Despite the enormous advantages of the LEEI method, KyooBe Tech is not primarily aiming to convert existing production lines, as these vaccines would require new approval. "But over the long term and as a future goal, we want to set a new gold standard in pathogen inactivation with our technology," said Bott. This goal is already imprinted in the company’s name, derived from the English phonetic spelling of the letters Q (for quality) and B (for biology). The company's major focus is on the high biological quality, and thus safety, of its products. In comparison with live vaccines, inactivated vaccines produced using LEEI will – due to the fact that the proteins’ surface structures remain intact – require considerably lower quantities of the adjuvants responsible for the side effects. In addition, KyooBe Tech expects there to be benefits when it comes to producing multiple vaccines and seamlessly integrating this into a continuous production process. The LEEI technology platform is expected to provide customers with greater flexibility and versatility.
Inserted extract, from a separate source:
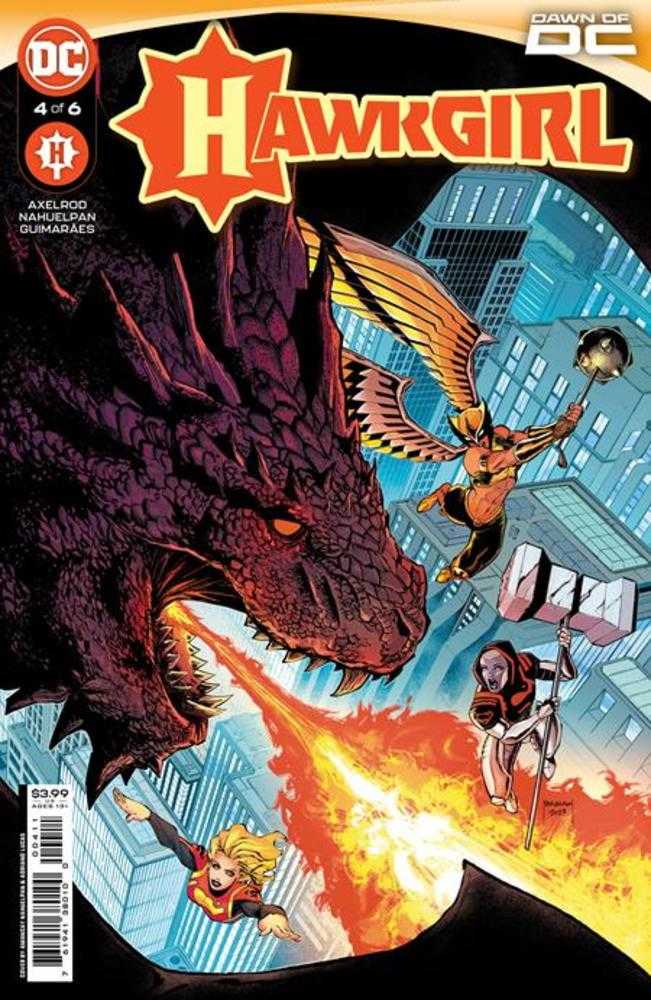 Hawkgirl #4 (Of 6) Cover A Amancay Nahuelpan | Dragon's Lair Comics and Fantasy Houston TX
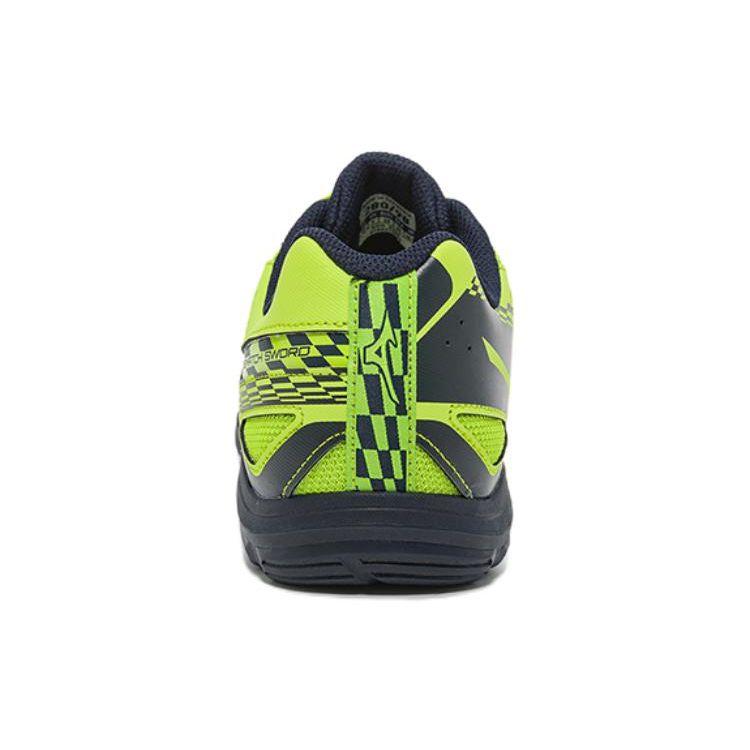 Mizuno Crossmatch Sword Non-Slip Wear-Resistant Shock Absorbing Low-Top Table Tennis Shoes Unisex Shoes Yellow Black 81GA213023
KyooBe Tech is not just an equipment supplier, but also supports customers in optimising the pathogen inactivation process. Every pathogen requires individual parameters with regard to the pathogen concentration and radiation dose used for complete inactivation while maintaining the best possible surface structure.
The company has a strongly customer-centred approach and wants to use its knowledge to provide impetus and help shape production processes. The pharmaceutical product landscape has changed over the past decade: the diversity of processes and products has increased considerably and minor diseases are also increasingly being addressed. This is exactly where KyooBe Tech comes in. "My interdisciplinary team of engineers, biotechnologists and process engineers are looking at biological process chains and asking how they can support or help promote this change through their expertise and new methods," said Mario Bott explaining the approach. "We actively approach clients and want to get involved in strategy discussions." The new generation of vaccine production is only the first step in this approach to innovation.
Fertey, J., et al. (2016). Pathogens Inactivated by Low-Energy-Electron Irradiation Maintain Antigenic Properties and Induce Protective Immune Responses. Viruses 8, 319.
Fertey, J., et al. (2020). Low-Energy Electron Irradiation Efficiently Inactivates the Gram-Negative Pathogen Rodentibacter pneumotropicus—A New Method for the Generation of Bacterial Vaccines with Increased Efficacy. Vaccines 8, 113.